Task statement: When you repeat the material, keep each line exact and omit the pictures.

Material to process:
◆ ◆ ◆ ◆ ◆

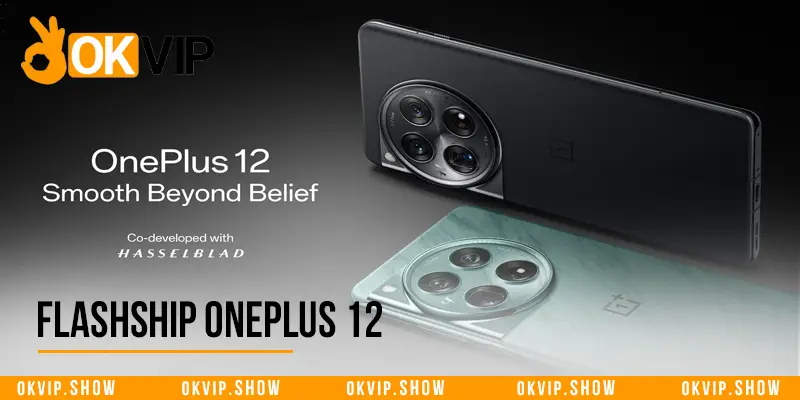 Flashship Oneplus 12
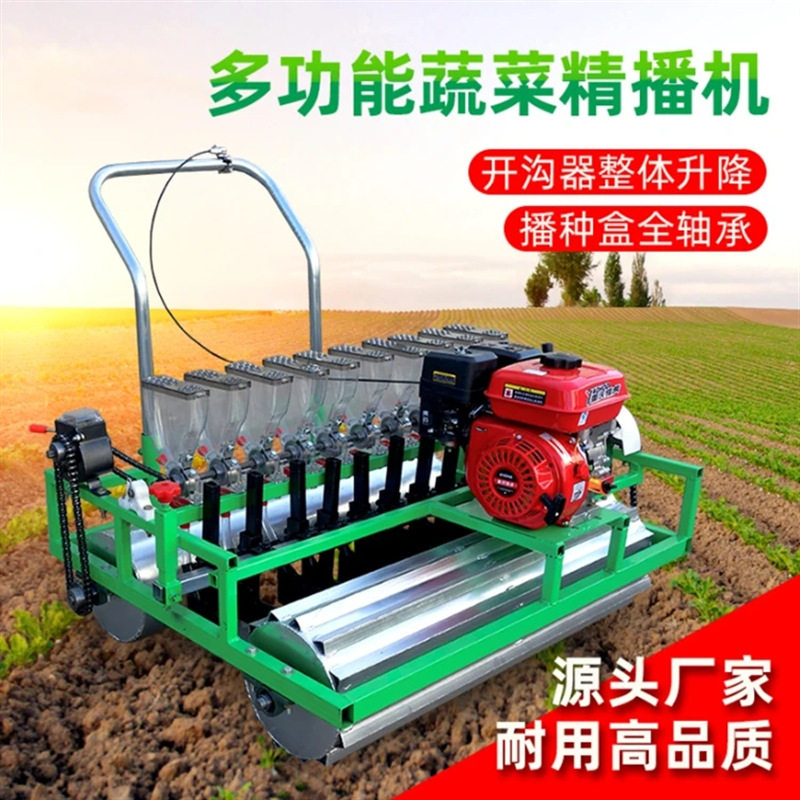 双排25行蔬菜精播机油电两用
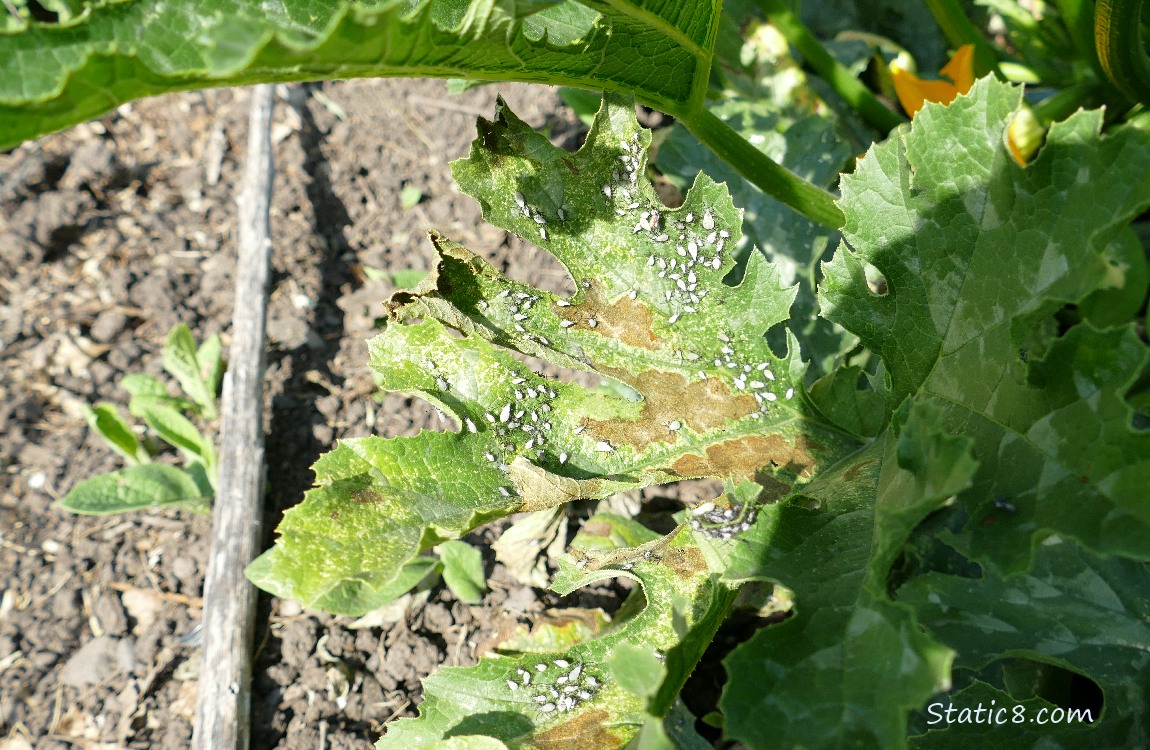 Bugs on a zucchini leaf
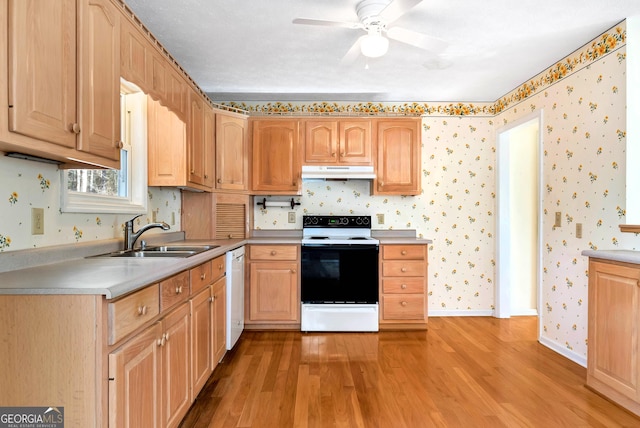 kitchen featuring sink, light hardwood / wood-style flooring, electric range oven, and dishwasher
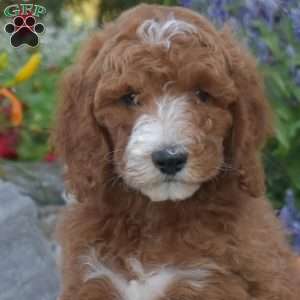 Jax, Mini Goldendoodle Puppy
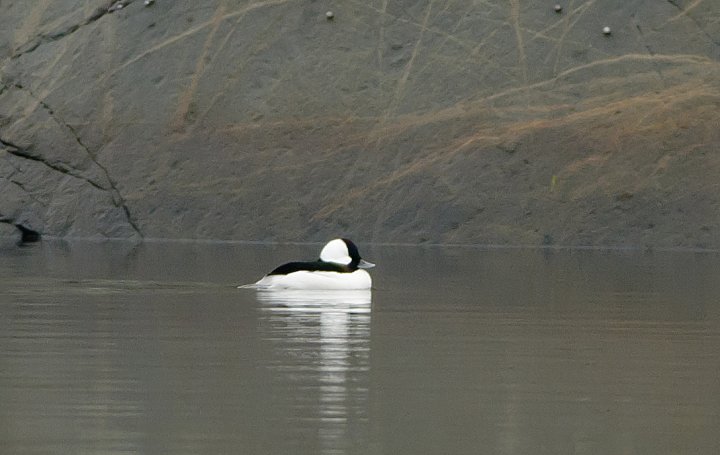 Bøffeland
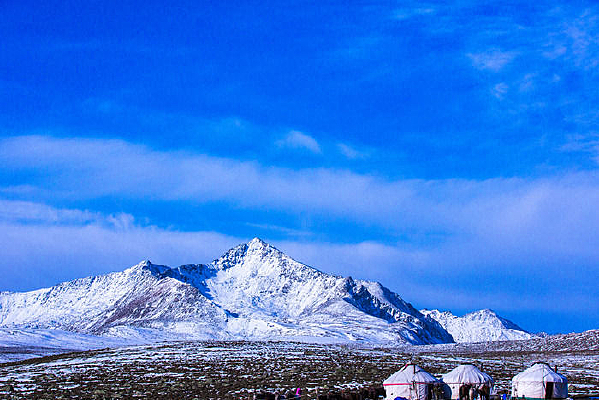 �չ��µ�Сɭ��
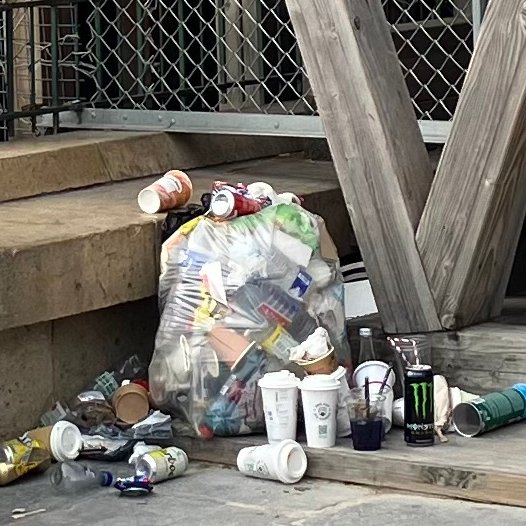 Autour de Notre-Dame, la suppression des poubelles est un gros succès.

Les touristes y contribuent spontanément en créant des hubs de tri participatifs. 🥰 🌻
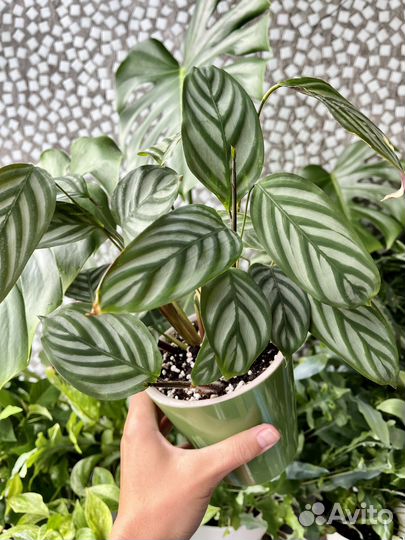 Комнатные цветы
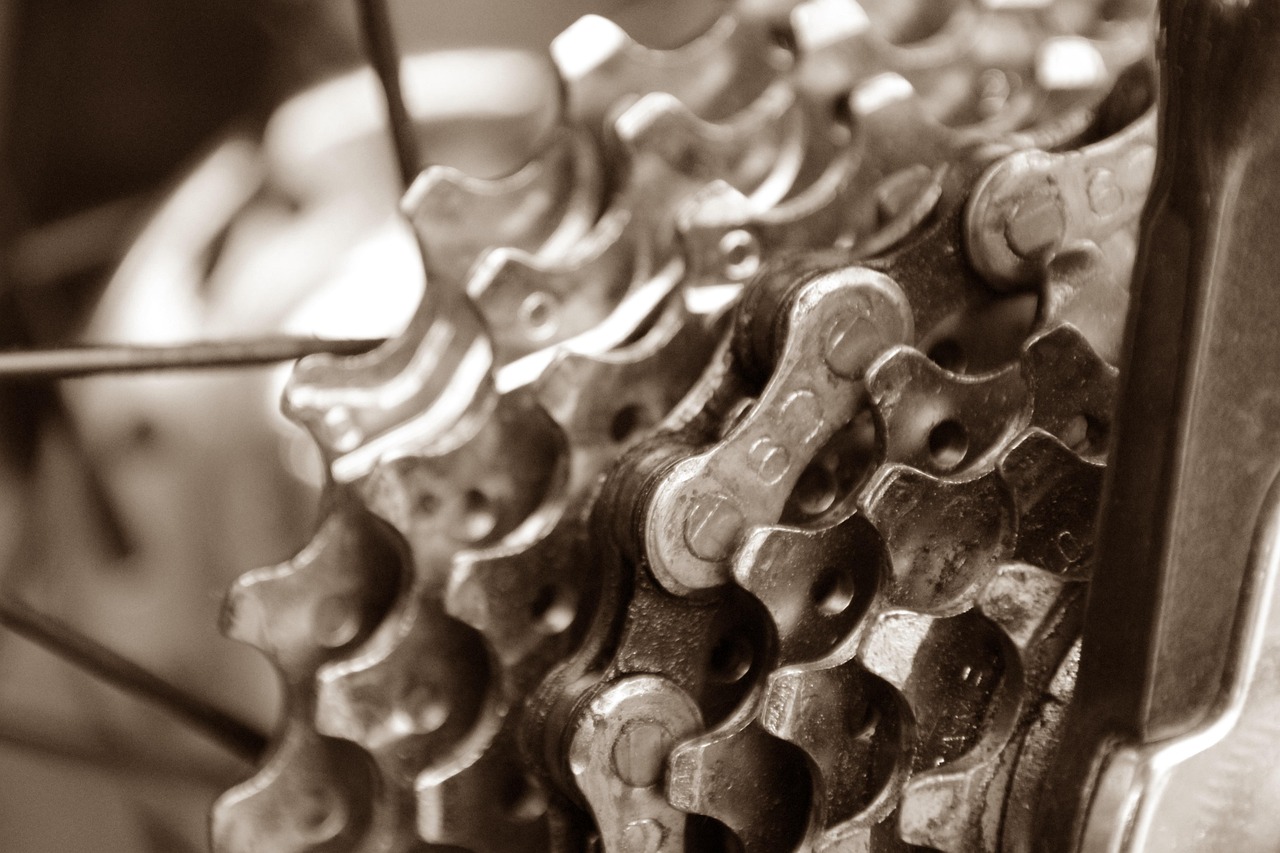 bicycle, pinion, circuit
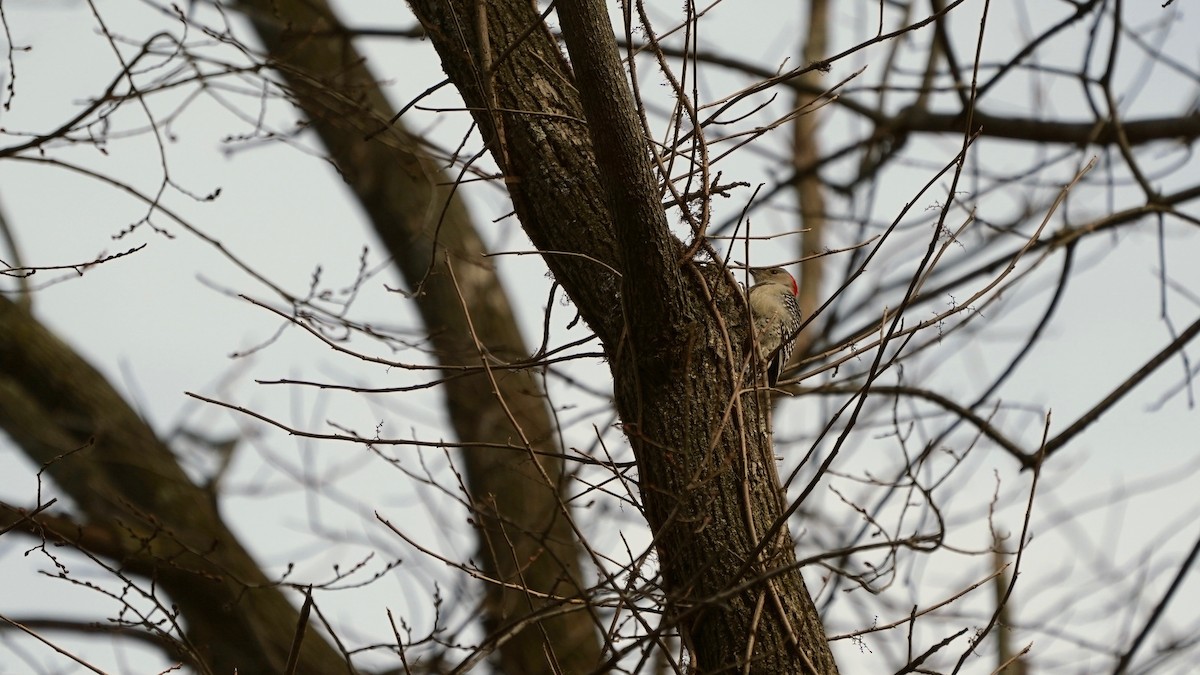 Red-bellied Woodpecker - ML529570441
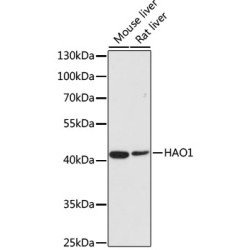 HAO1/GOX Rabbit pAb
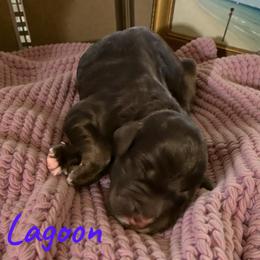 Lagoon - Black tri-color female Aussiedoodle puppy in Ellenburg Center, New York from Kristin's Puppies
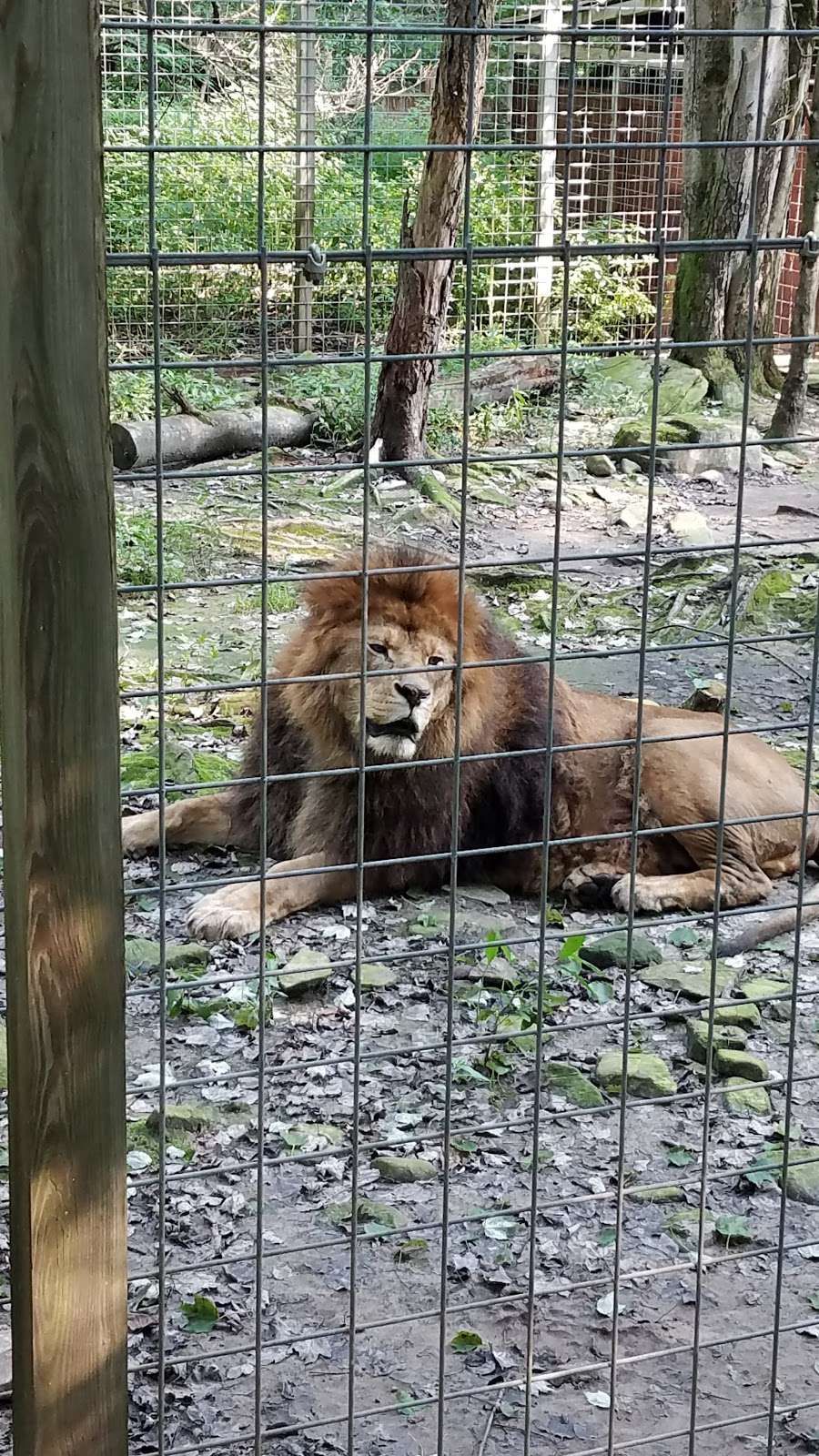 Claws N Paws Wild Animal Park | 1475 Ledgedale Rd, Lake Ariel, PA 18436, USA | Phone: (570) 698-6154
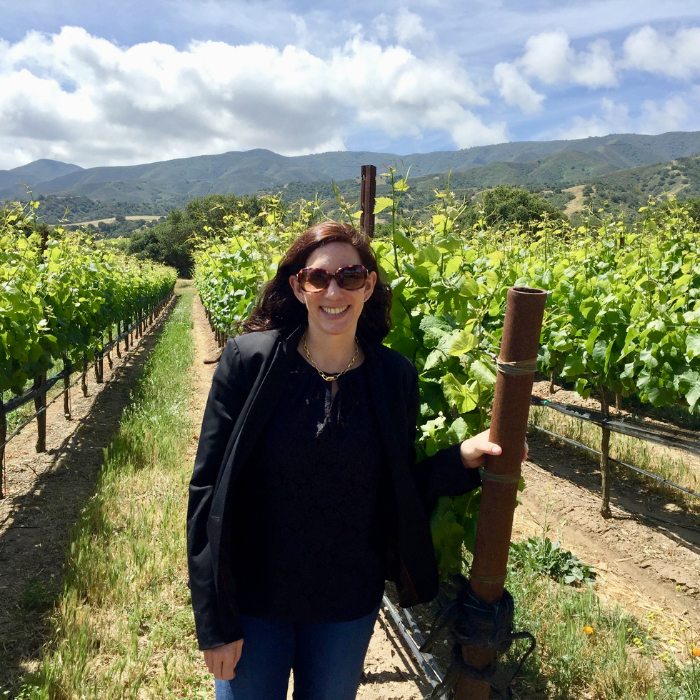 What To Expect At Santa Lucia Highlands Sun, Wind & Wine Festival — Bruliam Wines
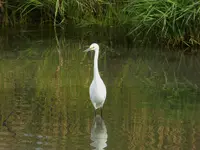 egret 1.webp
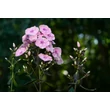 Kép 4/4 - Phlox paniculata 'Sweet Summer Queen' - Bugás lángvirág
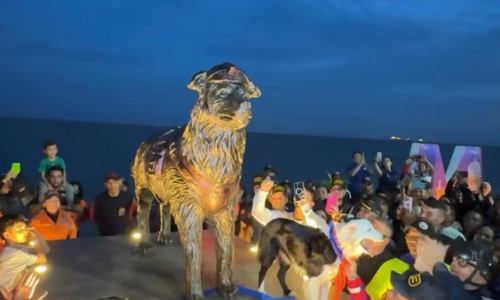 En Maracaibo develan estatua en honor a Tsunami, el perro rescatista que salvó vidas tras el evento sísmico de junio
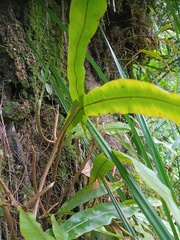 Oleandra neriiformis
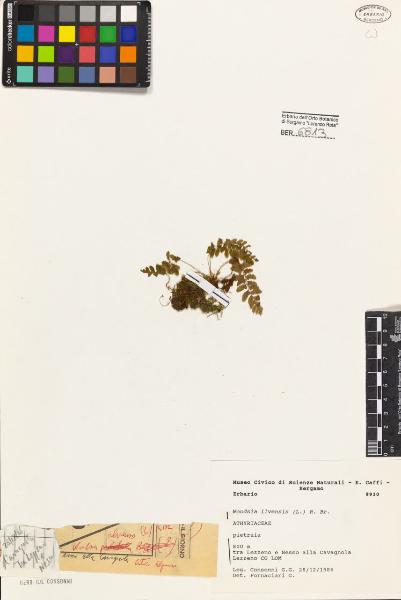 Woodsia ilvensis (L.) R. Br.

◆ ◆ ◆ ◆ ◆

Answer to the problem:
 Flashship Oneplus 12
 双排25行蔬菜精播机油电两用
 Bugs on a zucchini leaf
 kitchen featuring sink, light hardwood / wood-style flooring, electric range oven, and dishwasher
 Jax, Mini Goldendoodle Puppy
 Bøffeland
 �չ��µ�Сɭ��
 Autour de Notre-Dame, la suppression des poubelles est un gros succès.

Les touristes y contribuent spontanément en créant des hubs de tri participatifs. 🥰 🌻
 Комнатные цветы
 bicycle, pinion, circuit
 Red-bellied Woodpecker - ML529570441
 HAO1/GOX Rabbit pAb
 Lagoon - Black tri-color female Aussiedoodle puppy in Ellenburg Center, New York from Kristin's Puppies
 Claws N Paws Wild Animal Park | 1475 Ledgedale Rd, Lake Ariel, PA 18436, USA | Phone: (570) 698-6154
 What To Expect At Santa Lucia Highlands Sun, Wind & Wine Festival — Bruliam Wines
 egret 1.webp
 Kép 4/4 - Phlox paniculata 'Sweet Summer Queen' - Bugás lángvirág
 En Maracaibo develan estatua en honor a Tsunami, el perro rescatista que salvó vidas tras el evento sísmico de junio
 Oleandra neriiformis
 Woodsia ilvensis (L.) R. Br.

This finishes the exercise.